Here comes a paradox...
The problem with the human brain, what I just called the supercomputer is it isn't that creative. Is not creative. We run our brain in patterns. For example, with 11 pieces of clothes there are some 3 million ways to get dressed in the morning. We have developed a pattern so we can get to the kitchen for the morning coffee without wearing a sock on our head, underwear as a t-shirt and our pants on with the zipper dragging on the ground. Golf architects who plan-and-run have it hundreds of times more difficult, as do their investors. The architects are responsible for multi-million dollar or Euro investments and the entire success of the project rides on this, therefore with the plan-and-run methodology, they tend to play it safe both by design and then add the uncreative brain and you can fill in the blanks... B _ _ _ _ _ G.
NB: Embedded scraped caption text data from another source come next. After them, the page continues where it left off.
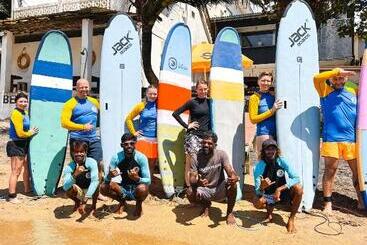 Отель Roots Retreat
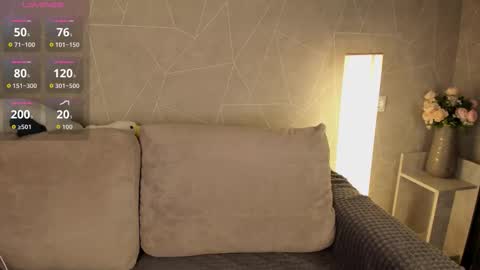 Snapshot of novalay chatting on October 12, 2025, 12:53 am Sonya online show from October 12, 2025, 12:53 am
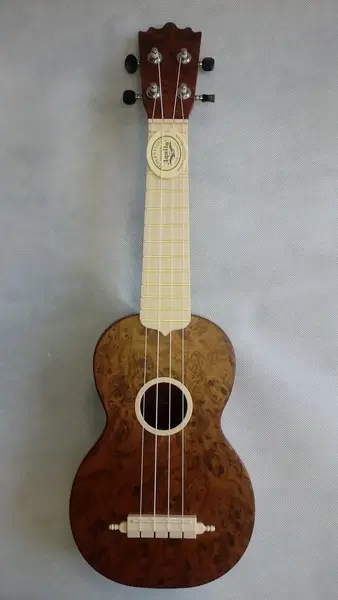 Originální AUDIANA sopránové ukulele žíhaný korek, bílý krk -amk- Shoop - Elektro Kyjov - Green Food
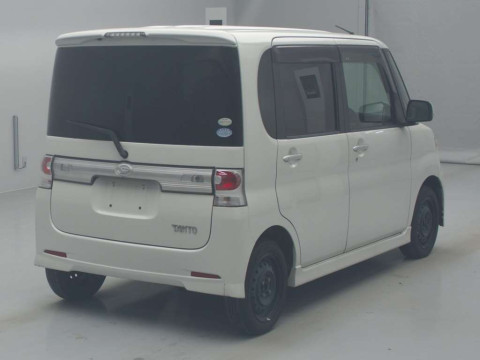 2009 Daihatsu Tanto L375S[1]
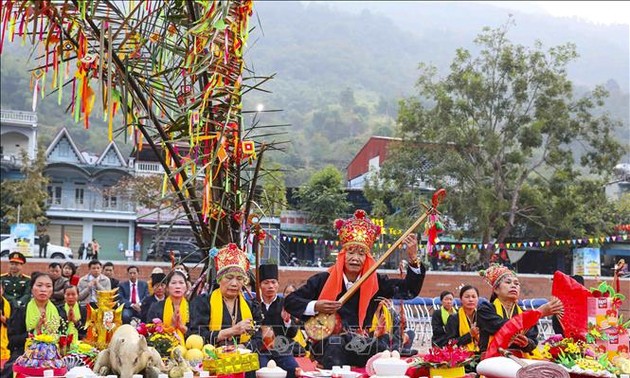 Das Fest des Schwalbenschwanz-Bootsrennens in Muong Lay in Dien Bien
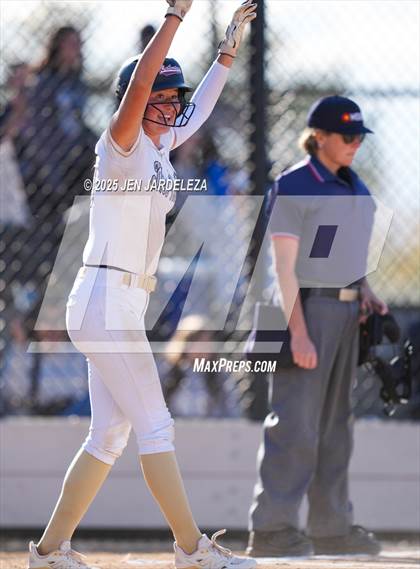 Thumbnail 2 in Pueblo Central vs. Palmer Ridge (CHSAA 4A Quarterfinal) photogallery.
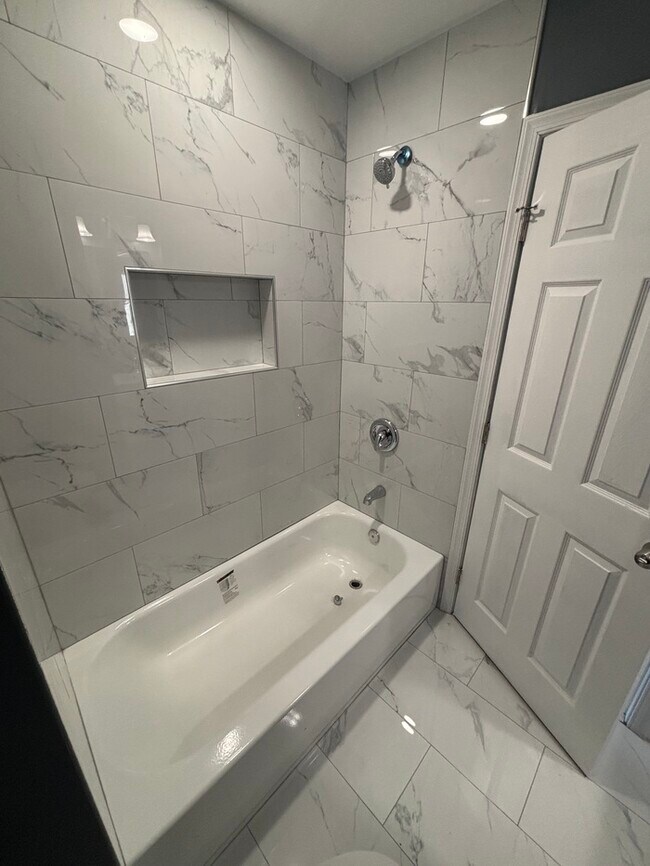 Building Photo - 2 Bedrooms plus den with 3.5 Bathrooms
In the field pushing dirt around there are sparks flying all the time; those sparks are opportunities to break out of patterns and safety and get close to the cutting edge (if you want to for that particular green... or any aspect of the design), and this allows you to weigh the other greens and holes and create something that isn't repetitive. It provides opportunities you could never foresee at the drawing board, for if the architect could foresee them he would have planned them... in detail. Which brings me to another point. THERE IS NO SUCH THING AS DETAILED PLANS.
How uncreative are humans? Mike Nuzzo probably knows this study, and perhaps he was run through this test, but NASA developed a test for creativity for its engineers, etc. One involved how many uses one could find for a paper clip. They ran this test on 1800 or so children of kindergarten age, then when they were in grade school and then junior high. If you came up with 200 uses/ideas you were a genius. The result?
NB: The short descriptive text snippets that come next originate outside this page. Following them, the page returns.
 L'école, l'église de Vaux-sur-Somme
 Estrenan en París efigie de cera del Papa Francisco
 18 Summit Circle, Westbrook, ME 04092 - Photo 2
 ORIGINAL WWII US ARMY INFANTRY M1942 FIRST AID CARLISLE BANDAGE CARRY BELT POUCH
Test results amongst 5 year olds: 98% found 200+ ideas/uses!
Test results amongst 10 year olds: 30%
Test results amongst 15 year olds: 12%
Same test given to 280,000 adults: 2%
One would think the opposite would occur. We are schooled out of creativity. The mind gets narrower.
Think of the adult/architect who works in a hit-and-run manner... he is conditioned to think inside a small box. Look at the courses built in the last 30-years (and even longer), with all the advantages of technology, and how sterile and lifeless most of it is. For the same money and I venture for far less money, with more leadership during construction, and with less formal planning, there would be more excellent golf courses. And what do the golf architect associations sell? The school of uncreativity.
This isn't to say planning isn't necessary, to say otherwise would be idiotic, you need it for permits, general routing, nail down some engineering solutions, enviro boundaries, and calculate labor and materials. But selling plans as some form a security blanket or Holy Grail is false. Just look around at the banal courses that have resulted from it with limited leadership or in absence of leadership.
Einstein had a couple quotes that hit this right in the bullseye:
1. Imagination (opportunity seeking) is more important than knowledge (plans).
2. It's not that I'm so brilliant, it's that I stick with problems longer. (As a golf architect, he would be on-site rolling it all around in his well developed brain, seeking opportunities that pop-up as dirt is moving around, listening to the crew for sparks of ideas, looking at Nature, and looking for things he missed during the planning stages.)
Plans should come with warnings, and some in the know do just this.